:: Your goal ::
Produce word for word the lines of the data below running from the one that has "Mitsubishi Colt Hybrid" to the one that has "Pliers | end,cutting | high leverage | 200mm", inclusive, and no others.

┌──

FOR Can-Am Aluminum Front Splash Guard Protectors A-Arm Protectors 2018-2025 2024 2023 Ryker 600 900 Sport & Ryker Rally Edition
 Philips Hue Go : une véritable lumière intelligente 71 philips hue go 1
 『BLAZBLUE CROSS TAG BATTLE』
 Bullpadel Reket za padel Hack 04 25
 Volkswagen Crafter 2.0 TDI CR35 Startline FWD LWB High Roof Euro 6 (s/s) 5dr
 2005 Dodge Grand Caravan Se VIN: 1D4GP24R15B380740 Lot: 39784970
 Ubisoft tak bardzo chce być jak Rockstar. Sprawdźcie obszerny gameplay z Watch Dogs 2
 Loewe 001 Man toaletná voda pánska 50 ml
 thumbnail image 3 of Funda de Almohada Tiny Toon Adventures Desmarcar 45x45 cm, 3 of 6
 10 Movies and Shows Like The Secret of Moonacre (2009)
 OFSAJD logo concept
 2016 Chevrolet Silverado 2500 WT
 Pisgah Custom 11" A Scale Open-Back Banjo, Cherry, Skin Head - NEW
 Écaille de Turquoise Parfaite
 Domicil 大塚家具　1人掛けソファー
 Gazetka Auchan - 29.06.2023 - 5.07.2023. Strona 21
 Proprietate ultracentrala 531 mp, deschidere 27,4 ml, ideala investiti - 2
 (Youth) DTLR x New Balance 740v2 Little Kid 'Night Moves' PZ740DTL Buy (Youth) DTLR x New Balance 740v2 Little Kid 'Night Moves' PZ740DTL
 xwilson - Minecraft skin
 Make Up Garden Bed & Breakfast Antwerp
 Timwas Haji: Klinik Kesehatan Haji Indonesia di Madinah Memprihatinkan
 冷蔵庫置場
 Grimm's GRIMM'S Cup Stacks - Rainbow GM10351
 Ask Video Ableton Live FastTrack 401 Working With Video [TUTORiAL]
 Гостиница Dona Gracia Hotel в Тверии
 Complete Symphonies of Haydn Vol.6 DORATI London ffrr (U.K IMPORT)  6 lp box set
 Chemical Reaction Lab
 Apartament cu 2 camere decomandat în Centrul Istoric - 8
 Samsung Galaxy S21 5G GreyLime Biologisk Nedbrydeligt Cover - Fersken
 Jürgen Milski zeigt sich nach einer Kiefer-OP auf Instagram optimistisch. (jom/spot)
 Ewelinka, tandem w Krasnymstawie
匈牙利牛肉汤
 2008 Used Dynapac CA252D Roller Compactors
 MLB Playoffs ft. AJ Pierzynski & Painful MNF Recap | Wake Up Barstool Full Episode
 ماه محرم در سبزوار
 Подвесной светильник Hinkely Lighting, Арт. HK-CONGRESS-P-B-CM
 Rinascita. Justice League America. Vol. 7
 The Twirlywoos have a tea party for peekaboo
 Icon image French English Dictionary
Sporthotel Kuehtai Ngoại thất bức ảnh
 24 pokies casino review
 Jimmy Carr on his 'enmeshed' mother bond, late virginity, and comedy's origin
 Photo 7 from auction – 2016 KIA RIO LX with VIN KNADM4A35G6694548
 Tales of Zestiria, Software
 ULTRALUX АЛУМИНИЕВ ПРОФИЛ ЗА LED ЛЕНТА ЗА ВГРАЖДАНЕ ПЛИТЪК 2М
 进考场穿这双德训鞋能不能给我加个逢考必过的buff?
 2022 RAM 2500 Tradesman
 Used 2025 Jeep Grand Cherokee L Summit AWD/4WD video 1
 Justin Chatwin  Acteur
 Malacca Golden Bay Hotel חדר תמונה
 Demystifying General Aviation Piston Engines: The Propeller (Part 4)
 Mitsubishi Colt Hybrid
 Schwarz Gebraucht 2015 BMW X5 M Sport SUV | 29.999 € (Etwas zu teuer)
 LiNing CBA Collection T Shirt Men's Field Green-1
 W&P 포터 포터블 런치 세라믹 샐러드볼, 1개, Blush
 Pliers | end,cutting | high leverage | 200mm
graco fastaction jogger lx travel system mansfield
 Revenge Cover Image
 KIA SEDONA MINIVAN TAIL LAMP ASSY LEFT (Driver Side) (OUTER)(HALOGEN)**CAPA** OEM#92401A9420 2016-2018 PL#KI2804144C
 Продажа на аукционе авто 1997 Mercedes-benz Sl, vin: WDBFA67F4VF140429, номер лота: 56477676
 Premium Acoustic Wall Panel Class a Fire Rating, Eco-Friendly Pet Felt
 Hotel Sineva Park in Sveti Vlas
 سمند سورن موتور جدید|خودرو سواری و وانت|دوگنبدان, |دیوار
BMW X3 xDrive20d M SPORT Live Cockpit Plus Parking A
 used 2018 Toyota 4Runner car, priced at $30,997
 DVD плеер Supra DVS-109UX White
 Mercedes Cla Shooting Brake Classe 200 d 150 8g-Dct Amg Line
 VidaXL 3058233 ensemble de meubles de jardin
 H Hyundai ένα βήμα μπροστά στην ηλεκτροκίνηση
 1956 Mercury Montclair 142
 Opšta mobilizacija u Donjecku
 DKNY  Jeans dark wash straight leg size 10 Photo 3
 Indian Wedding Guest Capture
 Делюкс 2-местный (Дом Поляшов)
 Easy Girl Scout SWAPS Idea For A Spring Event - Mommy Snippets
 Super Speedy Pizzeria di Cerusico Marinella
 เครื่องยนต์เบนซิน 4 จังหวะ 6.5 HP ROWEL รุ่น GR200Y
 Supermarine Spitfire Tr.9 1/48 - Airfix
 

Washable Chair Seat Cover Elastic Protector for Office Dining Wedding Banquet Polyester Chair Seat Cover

└──

:: Reply ::
 Mitsubishi Colt Hybrid
 Schwarz Gebraucht 2015 BMW X5 M Sport SUV | 29.999 € (Etwas zu teuer)
 LiNing CBA Collection T Shirt Men's Field Green-1
 W&P 포터 포터블 런치 세라믹 샐러드볼, 1개, Blush
 Pliers | end,cutting | high leverage | 200mm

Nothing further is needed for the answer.